When I was giving the address for bed delivery I suddenly realized that I had made a huge mistake: my street address is 395, but when I had mailed 5 boxes of stuff from Japan to Canada I had given my address as 359.
As soon as I got home I called Canada Post to explain my situation. Because of the delivery method I had chosen, I couldn’t officially change the delivery address. Canada Post said they would contact both the Winnipeg distribution and the local post office to let them know of the change, and hopefully someone would notice before attempting delivery. This was not at all reassuring.
Remember friends: when mailing all of your stuff back home, MAKE SURE YOU ARE MAILING IT TO THE CORRECT ADDRESS!!
(2018 Update 1) A few weeks later I received all of my boxes at the correct address. Thank you Canada Post!!
(2018 Update 2) After 10 years of use, a few adventures, and several unfortunate encounters with a barfy kid, we are finally going to replace the mattress.

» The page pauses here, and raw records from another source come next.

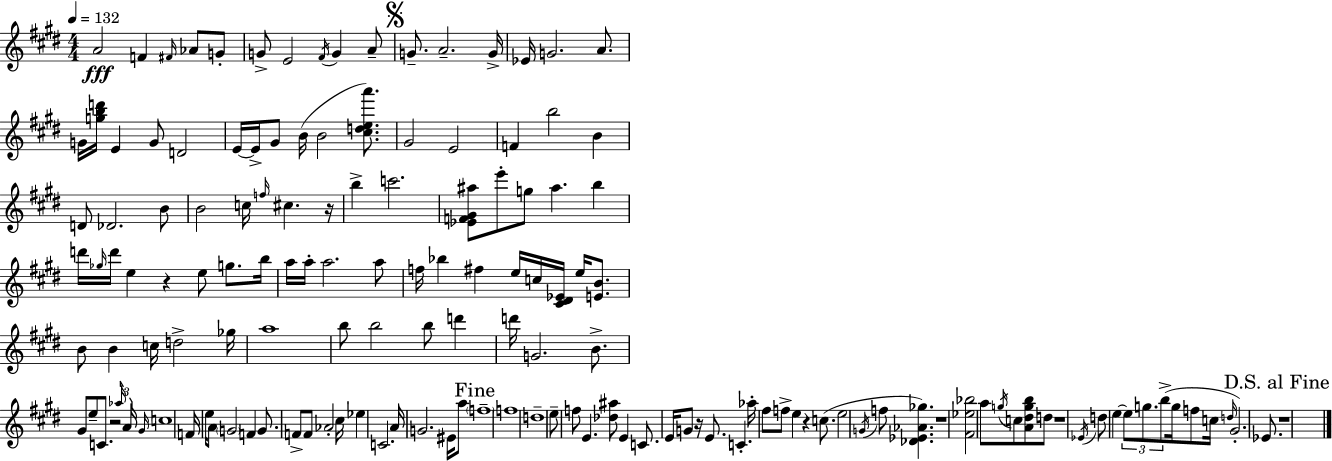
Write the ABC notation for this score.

X:1
T:Untitled
M:4/4
L:1/4
K:E
A2 F ^F/4 _A/2 G/2 G/2 E2 ^F/4 G A/2 G/2 A2 G/4 _E/4 G2 A/2 G/4 [gbd']/4 E G/2 D2 E/4 E/4 ^G/2 B/4 B2 [^cdea']/2 ^G2 E2 F b2 B D/2 _D2 B/2 B2 c/4 f/4 ^c z/4 b c'2 [_EF^G^a]/2 e'/2 g/2 ^a b d'/4 _g/4 d'/4 e z e/2 g/2 b/4 a/4 a/4 a2 a/2 f/4 _b ^f e/4 c/4 [^C^D_E]/4 e/4 [EB]/2 B/2 B c/4 d2 _g/4 a4 b/2 b2 b/2 d' d'/4 G2 B/2 ^G/2 e/2 C/2 z2 _a/4 A/4 ^G/4 c4 F/4 e/4 A/2 G2 F G/2 F/2 F/2 _A2 ^c/4 _e C2 A/4 G2 ^E/4 a/2 f4 f4 d4 e/2 f/2 E [_d^a]/2 E C/2 E/4 G/2 z/4 E/2 C _a/4 ^f/2 f/2 e z c/2 e2 G/4 f/2 [_D_E_A_g] z4 [^F_e_b]2 a/2 g/4 c/2 [A^dgb]/2 d/2 z4 _E/4 d/2 e e/2 g/2 b/2 g/4 f/2 c/4 d/4 ^G2 _E/2 z4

Otsukaresama mattress-san!
Posted in Return to Canada on May 16, 2018
After 3 years of living and working in Japan, flying home was pretty sad. Having said that, I would much rather be sad than airsick for 10 hours like the poor woman who sat next to me on my flight to Vancouver. It’s not really fair to say that she sat next to me: she spent most of the flight running to the bathroom. I felt bad for her, and thankful that I have never had serious problems on a flight.
A few hours away from Vancouver we flew into a huge storm that kept the plane bouncing. We were delayed on our landing as the storm was so bad that only one of the runways was open. I’m happy that we weren’t redirected to a different airport.

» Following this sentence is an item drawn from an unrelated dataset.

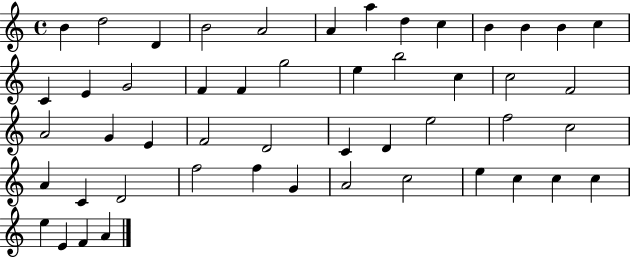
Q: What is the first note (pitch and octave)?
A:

Unlike the flight to Vancouver, my flight to Winnipeg was quick and uneventful. Thanks to the wonders of international time zones, I arrived in Winnipeg about 15 minute before I left Japan. My parents and sister were waiting for me in the arrival area carrying a huge Canadian flag. It was good to be home!

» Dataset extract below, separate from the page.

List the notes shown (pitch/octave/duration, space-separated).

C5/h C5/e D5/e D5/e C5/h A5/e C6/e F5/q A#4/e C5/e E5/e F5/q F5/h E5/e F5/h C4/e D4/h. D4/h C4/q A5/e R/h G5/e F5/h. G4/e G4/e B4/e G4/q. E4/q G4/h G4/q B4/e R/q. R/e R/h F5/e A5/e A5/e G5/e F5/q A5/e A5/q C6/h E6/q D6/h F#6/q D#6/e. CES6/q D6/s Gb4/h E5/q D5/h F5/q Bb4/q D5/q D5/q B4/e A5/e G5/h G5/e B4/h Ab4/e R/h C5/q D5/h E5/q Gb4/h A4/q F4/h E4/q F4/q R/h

My mom and sister had found an apartment for me before I came home, but since there was almost no furniture in it yet, I went back to my parents house for the evening. My parents live in the “city” of Portage la Prairie, about 70km west of Winnipeg. On the drive I got my first taste of reverse culture shock, fascinated by people driving on the right and the huge open spaces between cities. It’s going to take me a while to adjust!
Posted in The Penpal on May 14, 2018
After a busy morning, I had lunch with The Penpal and her family at their house. They wanted to come to the airport with me to see me off.
We took the shinkansen from Mishima to Tokyo, switched to Yamanote Line briefly (which is not fun with giant suitcases), and took the Keisei Skyliner from Nippori to the airport. The Skyliner is cheaper than the Narita Express, but the Express is much more convenient if you have large bags.
Check-in went smoothly, leaving enough time to sit and chat before I went through security. Over the past few years, I have gone from being the overseas friend to gaijin boyfriend to gaijin fiancee, and eventually part of the family. I’m really going to miss my future in-laws and I’m excited about showing them around Canada in the future.
I told them that in Canada there is a lot more crying at the airport when someone leaves. The Penpal’s father told me that Japanese people cry too, they just hold it until they get home. He gave me a handshake (not a bow), I hugged The Penpal’s mother, then hugged my wonderful fiancee before going through security. I will always remember seeing them waving goodbye as I took the escalator down to the immigration area.
At immigration, I had to turn in my gaijin card and they cancelled my visas and remaining re-entry stamps. I had dutifully carried my gaijin card everywhere for the past 3 years, so it was strange to leave it behind permanently. My 3 year adventure was over, and it was a fantastic experience I wouldn’t trade for anything. Good bye Japan, and thanks for the memories!